»Inzwischen herrscht Krieg. Und meine Angst wächst.« So verdichtete Gabriele Gillen in Ossietzky 6/2022 unter der Überschrift »Ich habe Angst« auf guten 5 Seiten, die zur Relektüre empfohlen seien, die Lage im März 2022. Die Eskalation ist im Juni 2024 – mehr als 2 Jahre später – weit vorangeschritten. Der (Wirtschafts-)Krieg gegen Russland wird erweitert jetzt auch gegen China geführt. US-amerikanische Handelszölle sollen die chinesische Wirtschaft treffen. 32 (!) Nato-Staaten munitionieren die Ukraine gegen Russland. Die Ukraine will und soll »siegen«. Immer häufiger wird berichtet, dass Nato-Soldaten in der Ukraine direkt mitmischen.
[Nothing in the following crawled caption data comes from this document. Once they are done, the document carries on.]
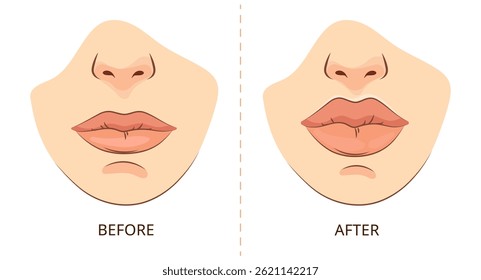 Lip Augmentation Before and After .Female lips before and after cosmetic augmentation beauty clinic presentations aesthetic treatment infographics medical brochures, cosmetic surgery ads Vector 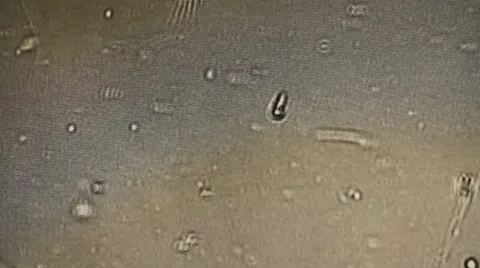 Sperm Group of Sperms under micsorcope moving baby concept dna motherhood 動画素材 25617515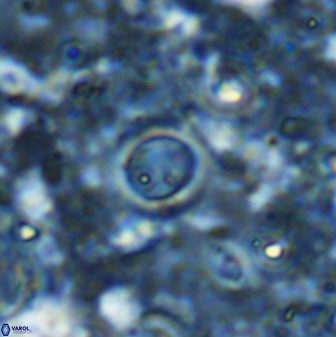 Reticulofenestra rotaria 48895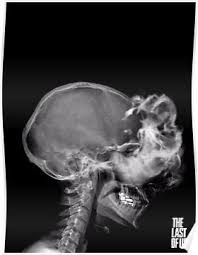 Infected X Ray Poster By Clarkarts24 The Last Of Us Edge Of The Universe X Ray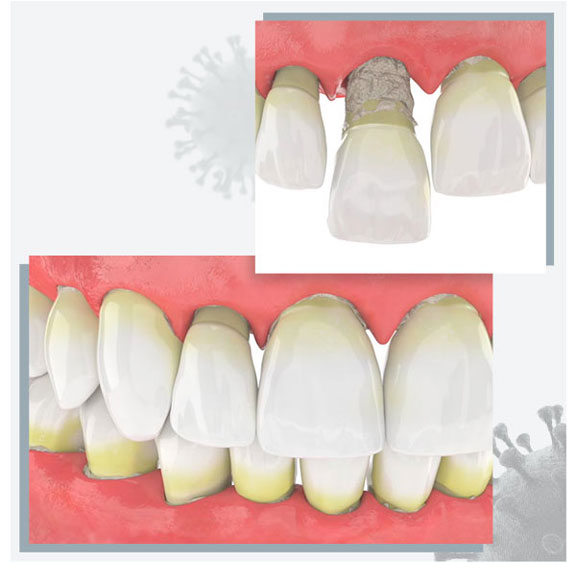 ¿Por qué la periodontitis empeora el pronóstico de COVID-19?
Noch gibt es offiziell keine Nato-Fußtruppen in der Ukraine; das verhängnisvolle Nachdenken darüber gibt es schon längere Zeit. In Deutschland werden – ohne dass das offiziell ein Thema ist – ukrainische Soldaten ausgebildet. Noch sind keine deutsche »Taurus«-Raketen mit Zielweiten, die Moskau erreichen und tiefverbunkerte Ziele dort für einen »Enthauptungsschlag« treffen können, an die Ukraine geliefert worden. Inzwischen werden zig-Milliarden in die deutsche »Kriegstüchtigkeit« zu Lasten vernünftiger Sozialleistungen investiert. »Kindergrundsicherung« und »Klimageld« sind von der sich »Fortschrittskoalition« nennenden Ampel-Regierung auf den Sankt-Nimmerleins-Tag verschoben worden. Die deutsche Hochrüstung kennt jedoch keine »Schuldenbremse«. Bei der Ausgestaltung des bundesdeutschen Haushalts 2025 sind keine Kürzungen der horrenden Rüstungsausgaben vorgesehen – im Gegenteil. Eine deutsche Panzerbrigade ist seit April 2024 an der »Nato-Ostflanke« in unmittelbarer Nähe zur russischen Grenze stationiert; Milliarden Euro werden dort versenkt. Die Stationierung deutscher Truppen ist eine besonders geschichtsvergessene Form der Nato-Osterweiterung. Ein kostenträchtiger Ausbau der Panzerbrigade zu einer Panzerdivision, die »kaltstartfähig« sein soll, ist für 2025 ff. geplant. Die Wiedereinführung der Wehrpflicht wird diskutiert, der Bundestag beschließt zur mentalen Aufrüstung einen jährlich stattfindenden »Veteranentag«. Die exorbitant hohe deutsche Dauersubventionierung der ukrainischen Kriegsmaschinerie und des desolaten ukrainischen Staatswesens wird nicht infrage gestellt. Im Gegenteil: Deutschland und Frankreich sollen US-amerikanische Ausfälle (Trump!) von Finanzhilfen zusätzlich schultern. Dagegen gibt es in Deutschland (noch) kein Aufbegehren.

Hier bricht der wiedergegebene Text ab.